Nothing in the records may change. Output them all exactly.
▬▬▬
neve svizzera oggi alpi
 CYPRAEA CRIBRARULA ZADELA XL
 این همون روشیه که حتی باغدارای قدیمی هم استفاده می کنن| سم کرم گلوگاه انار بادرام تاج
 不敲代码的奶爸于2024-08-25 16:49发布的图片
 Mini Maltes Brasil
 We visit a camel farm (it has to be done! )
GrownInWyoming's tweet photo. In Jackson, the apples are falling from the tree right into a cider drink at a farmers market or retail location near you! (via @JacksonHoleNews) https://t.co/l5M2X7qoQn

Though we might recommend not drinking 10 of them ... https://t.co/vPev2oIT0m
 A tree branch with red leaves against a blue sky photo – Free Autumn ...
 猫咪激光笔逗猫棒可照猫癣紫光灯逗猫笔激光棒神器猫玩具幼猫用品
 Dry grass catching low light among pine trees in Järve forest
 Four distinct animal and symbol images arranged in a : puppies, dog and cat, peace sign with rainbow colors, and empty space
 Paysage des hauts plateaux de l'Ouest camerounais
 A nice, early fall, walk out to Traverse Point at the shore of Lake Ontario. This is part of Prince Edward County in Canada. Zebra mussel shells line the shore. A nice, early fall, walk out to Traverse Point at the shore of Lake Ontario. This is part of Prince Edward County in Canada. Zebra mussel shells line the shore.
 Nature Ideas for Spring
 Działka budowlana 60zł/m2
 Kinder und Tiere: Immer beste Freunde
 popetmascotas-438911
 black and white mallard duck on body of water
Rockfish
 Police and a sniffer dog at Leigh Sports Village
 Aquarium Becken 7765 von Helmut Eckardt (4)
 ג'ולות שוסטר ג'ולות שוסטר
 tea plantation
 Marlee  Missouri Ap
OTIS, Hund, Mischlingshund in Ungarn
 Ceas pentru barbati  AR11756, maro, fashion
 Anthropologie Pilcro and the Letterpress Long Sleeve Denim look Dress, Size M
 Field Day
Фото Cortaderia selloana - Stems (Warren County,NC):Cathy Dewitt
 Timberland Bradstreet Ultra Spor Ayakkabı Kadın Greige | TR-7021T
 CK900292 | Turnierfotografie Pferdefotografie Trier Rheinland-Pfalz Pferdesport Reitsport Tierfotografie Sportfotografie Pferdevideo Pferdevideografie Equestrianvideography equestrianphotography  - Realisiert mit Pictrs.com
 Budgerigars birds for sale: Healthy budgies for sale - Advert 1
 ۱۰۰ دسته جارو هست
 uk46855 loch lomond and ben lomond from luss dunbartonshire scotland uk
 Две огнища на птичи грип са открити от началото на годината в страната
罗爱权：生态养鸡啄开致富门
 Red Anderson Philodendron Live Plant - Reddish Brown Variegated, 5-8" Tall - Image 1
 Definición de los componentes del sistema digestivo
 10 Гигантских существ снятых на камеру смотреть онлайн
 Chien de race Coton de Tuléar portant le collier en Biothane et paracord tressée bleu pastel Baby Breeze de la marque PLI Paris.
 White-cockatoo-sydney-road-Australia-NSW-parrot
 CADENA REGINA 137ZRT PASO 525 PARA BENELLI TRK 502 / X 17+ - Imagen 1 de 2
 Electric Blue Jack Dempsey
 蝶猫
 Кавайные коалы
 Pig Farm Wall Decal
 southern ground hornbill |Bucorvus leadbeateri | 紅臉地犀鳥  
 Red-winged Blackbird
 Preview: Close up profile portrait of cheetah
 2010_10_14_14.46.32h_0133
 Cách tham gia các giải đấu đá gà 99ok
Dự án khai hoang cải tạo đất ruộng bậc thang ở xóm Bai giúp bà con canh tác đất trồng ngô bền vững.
▬▬▬
■ **Response below**:
neve svizzera oggi alpi
 CYPRAEA CRIBRARULA ZADELA XL
 این همون روشیه که حتی باغدارای قدیمی هم استفاده می کنن| سم کرم گلوگاه انار بادرام تاج
 不敲代码的奶爸于2024-08-25 16:49发布的图片
 Mini Maltes Brasil
 We visit a camel farm (it has to be done! )
GrownInWyoming's tweet photo. In Jackson, the apples are falling from the tree right into a cider drink at a farmers market or retail location near you! (via @JacksonHoleNews) https://t.co/l5M2X7qoQn

Though we might recommend not drinking 10 of them ... https://t.co/vPev2oIT0m
 A tree branch with red leaves against a blue sky photo – Free Autumn ...
 猫咪激光笔逗猫棒可照猫癣紫光灯逗猫笔激光棒神器猫玩具幼猫用品
 Dry grass catching low light among pine trees in Järve forest
 Four distinct animal and symbol images arranged in a : puppies, dog and cat, peace sign with rainbow colors, and empty space
 Paysage des hauts plateaux de l'Ouest camerounais
 A nice, early fall, walk out to Traverse Point at the shore of Lake Ontario. This is part of Prince Edward County in Canada. Zebra mussel shells line the shore. A nice, early fall, walk out to Traverse Point at the shore of Lake Ontario. This is part of Prince Edward County in Canada. Zebra mussel shells line the shore.
 Nature Ideas for Spring
 Działka budowlana 60zł/m2
 Kinder und Tiere: Immer beste Freunde
 popetmascotas-438911
 black and white mallard duck on body of water
Rockfish
 Police and a sniffer dog at Leigh Sports Village
 Aquarium Becken 7765 von Helmut Eckardt (4)
 ג'ולות שוסטר ג'ולות שוסטר
 tea plantation
 Marlee  Missouri Ap
OTIS, Hund, Mischlingshund in Ungarn
 Ceas pentru barbati  AR11756, maro, fashion
 Anthropologie Pilcro and the Letterpress Long Sleeve Denim look Dress, Size M
 Field Day
Фото Cortaderia selloana - Stems (Warren County,NC):Cathy Dewitt
 Timberland Bradstreet Ultra Spor Ayakkabı Kadın Greige | TR-7021T
 CK900292 | Turnierfotografie Pferdefotografie Trier Rheinland-Pfalz Pferdesport Reitsport Tierfotografie Sportfotografie Pferdevideo Pferdevideografie Equestrianvideography equestrianphotography  - Realisiert mit Pictrs.com
 Budgerigars birds for sale: Healthy budgies for sale - Advert 1
 ۱۰۰ دسته جارو هست
 uk46855 loch lomond and ben lomond from luss dunbartonshire scotland uk
 Две огнища на птичи грип са открити от началото на годината в страната
罗爱权：生态养鸡啄开致富门
 Red Anderson Philodendron Live Plant - Reddish Brown Variegated, 5-8" Tall - Image 1
 Definición de los componentes del sistema digestivo
 10 Гигантских существ снятых на камеру смотреть онлайн
 Chien de race Coton de Tuléar portant le collier en Biothane et paracord tressée bleu pastel Baby Breeze de la marque PLI Paris.
 White-cockatoo-sydney-road-Australia-NSW-parrot
 CADENA REGINA 137ZRT PASO 525 PARA BENELLI TRK 502 / X 17+ - Imagen 1 de 2
 Electric Blue Jack Dempsey
 蝶猫
 Кавайные коалы
 Pig Farm Wall Decal
 southern ground hornbill |Bucorvus leadbeateri | 紅臉地犀鳥  
 Red-winged Blackbird
 Preview: Close up profile portrait of cheetah
 2010_10_14_14.46.32h_0133
 Cách tham gia các giải đấu đá gà 99ok
Dự án khai hoang cải tạo đất ruộng bậc thang ở xóm Bai giúp bà con canh tác đất trồng ngô bền vững.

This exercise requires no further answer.